Stream vs Batch


Curious, how many are using Stream vs Batch or both?

We are using both.


Too bad Discourse doesn’t support polls! We’re (obviously) using both at Snowplow.


We’re just using batch at Metail.

What is your use case for both?


The common understanding I have is that you can use batch for the majority of analysis, and stream for real-time actioning or decisioning - to go into other applications (mobile notifications, triggered emails etc.)

Oh, and for real time dashboards as well.


we use batch and run it hourly and trust this for our data marts downstream. we use stream to get real-time updates if we can’t wait for hourly batch jobs. we see small differences between batch and stream and trying to figure out why stream has less sometimes than batch.


I think I’d like to know what a dual set up looks like, the closest I’ve gotten to the real-time pipeline is our test Snowplow Mini instance.

My naive imagination is something like running one collector which writes to kinesis, that writes the enriched and shredded data to S3 for batch analyses, perhaps loading the batches into a DB, certainly getting onto a dashboard. You also run some custom analysis on the real-time stream which goes into your dashboards but don’t persist this for very long. However now I’ve skimmed the stream enrich docs and it sounds like it only does the enrich step.

Where do you duplicate the events in the pipeline? Are you able to write the output of the stream enrich to S3 and start the batch from the shredding step? Got any pros and cons of your chosen solution?

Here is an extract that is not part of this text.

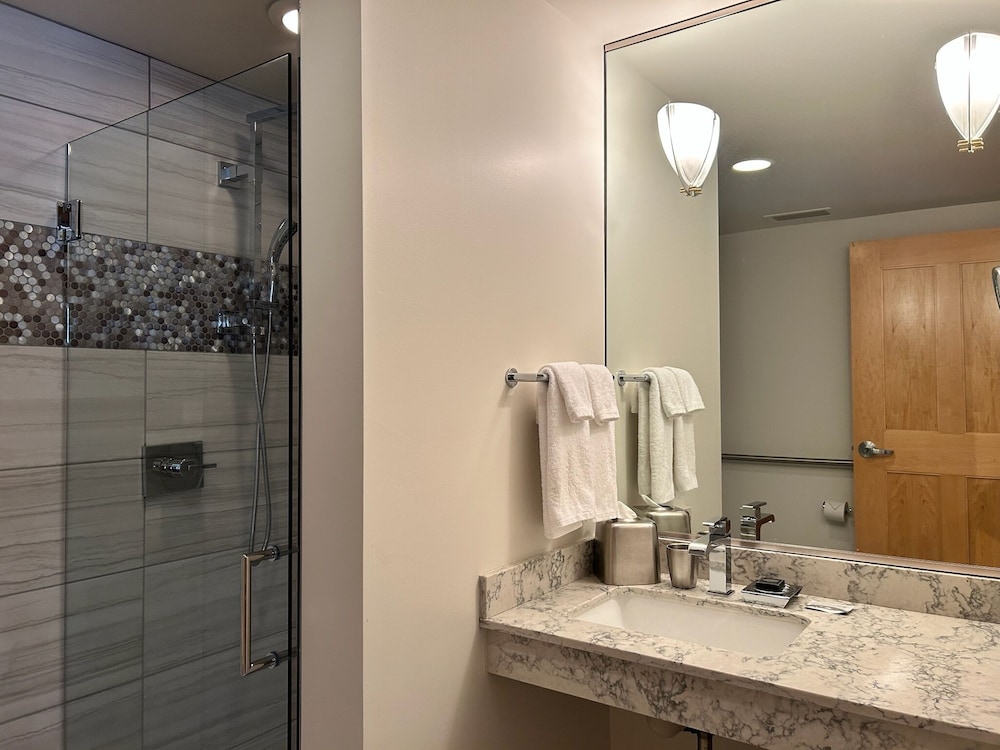 Hotel Donaldson - photo 27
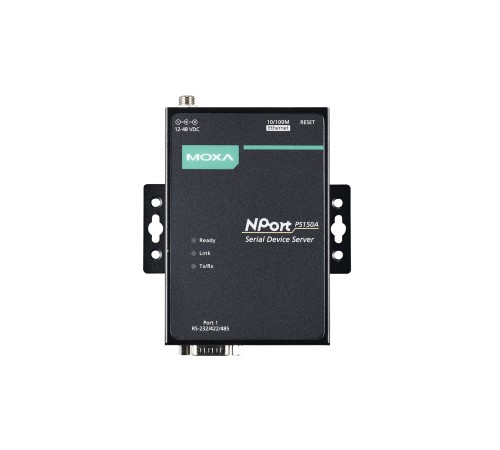 Сервер COM-портов Moxa NPort P5150A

The common term for the infrastructure stack you are describing is the so called ‘Lambda architecture’ (not in any relation to AWS Lambda service), as described in this post:

I think the most common use case would look like this (at least that’s what I set up recently):

  • an ASG with scala stream collectors behind a load balancer writing to a raw event kinesis stream
  • 2 consumers for the raw kinesis stream:
    - s3 loader app sinking raw lzo files to s3 bucket
    - scala-stream-enrich app (also in an ASG), sinking enriched events to enriched_good and enriched_bad kinesis streams
  • elasticsearch-loader app consuming enriched_good kinesis stream and sinking events into your elasticsearch cluster
  • elasticsearch-loader app consuming enriched_bad kinesis stream and sinking events into your elasticsearch cluster
  • emr-etl-runner for the batch pipeline, reading lzo files from the s3 bucket

It is convenient to have all instances in ASGs, since it can be difficult to predict the performance of the RT pipeline and so you want to have monitoring in place, tune instance sizes/buffer settings and in the end, set up autoscaling for your components, including the kinesis shards. This is much easier accomplished compared to e.g. clojure collector running on ElasticBeanstalk - the collector logs are published every hour to s3, so downscaling requires extra work to prevent data loss.